Russell Volz, of Lake City Coffee, contracts with Anvil Coffee in the old Washington Cracker Co. building in Spokane, Wash., to roast some of his beans. (Photos by DAN PELLE danp@spokesman.com)

Russell Volz hated coffee. Hated it.

He hated it for all of the usual reasons people say they don’t like coffee. He found the flavor too bitter, too burnt. “It was vile,” he said.

When Volz was invited over for coffee, he would brace himself, preparing his palate for the worst. Then, he tried a cup at the home of a friend who had roasted his own beans in a popcorn popper. Volz couldn’t believe his taste buds. “It was amazing,” he said.

This beverage was smooth, sweet and rich, not harsh or acrid at all.

He loved it. Loved it.

Within two weeks, he was roasting his own beans.

Now, the coffee convert is also selling and shipping them all over the country. Volz is the proprietor of the small-batch, one-man Lake City Coffee, an online coffee business.

There’s no storefront or coffee shop. “It’s a pretty small operation,” said Volz, whose target customers brew their own coffee at home.

His aim: bringing home coffee brewing “to a whole new level.”

Volz didn’t start drinking and roasting coffee until four years ago. And he still thinks most coffee is, in a word, “horrible.”

Don’t get him started on Starbucks.

Do discuss Tom Sawyer Country Coffee and Anvil Coffee Roasting.
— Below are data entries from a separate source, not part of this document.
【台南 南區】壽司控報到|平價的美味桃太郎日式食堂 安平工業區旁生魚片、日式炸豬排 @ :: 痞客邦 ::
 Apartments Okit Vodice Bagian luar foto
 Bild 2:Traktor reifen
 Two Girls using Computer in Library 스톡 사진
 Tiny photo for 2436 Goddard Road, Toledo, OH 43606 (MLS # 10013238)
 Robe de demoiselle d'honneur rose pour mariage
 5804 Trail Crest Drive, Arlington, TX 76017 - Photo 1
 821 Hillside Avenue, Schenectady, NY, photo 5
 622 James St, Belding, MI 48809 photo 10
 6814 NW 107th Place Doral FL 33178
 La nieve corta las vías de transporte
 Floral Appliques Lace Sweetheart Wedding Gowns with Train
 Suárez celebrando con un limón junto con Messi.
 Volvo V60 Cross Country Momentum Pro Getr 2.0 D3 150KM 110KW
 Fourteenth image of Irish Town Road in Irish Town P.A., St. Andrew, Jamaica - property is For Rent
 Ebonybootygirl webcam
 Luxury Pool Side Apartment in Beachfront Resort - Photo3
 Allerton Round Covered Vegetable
Volz is a fan of both Spokane roasters.

He said he discovered Anvil when he was “checking out the competition” at a coffee shop on the South Hill. “I took one sip, and I thought, ‘This is as good as mine.’ ”

He called the roaster, and “we’ve been friends ever since,” he said.

Mark Camp, owner of Anvil and part of the local coffee roasting scene since 2000, has shared some pointers and info with Volz, who recently began contracting with Anvil for roasting. Volz has been on hand for the roasts.

His roaster can handle about 10 or 15 pounds at a time. But Camp’s machine does 25 and is much faster.

“I’ve done a handful of roasts for him,” Camp said. “I’ve been trying to help.”

Volz, 61, roasts smaller batches at home on his machine. Larger batches are done at Anvil, located in the old Washington Cracker Building in downtown Spokane. Camp roasts the beans to his specifications.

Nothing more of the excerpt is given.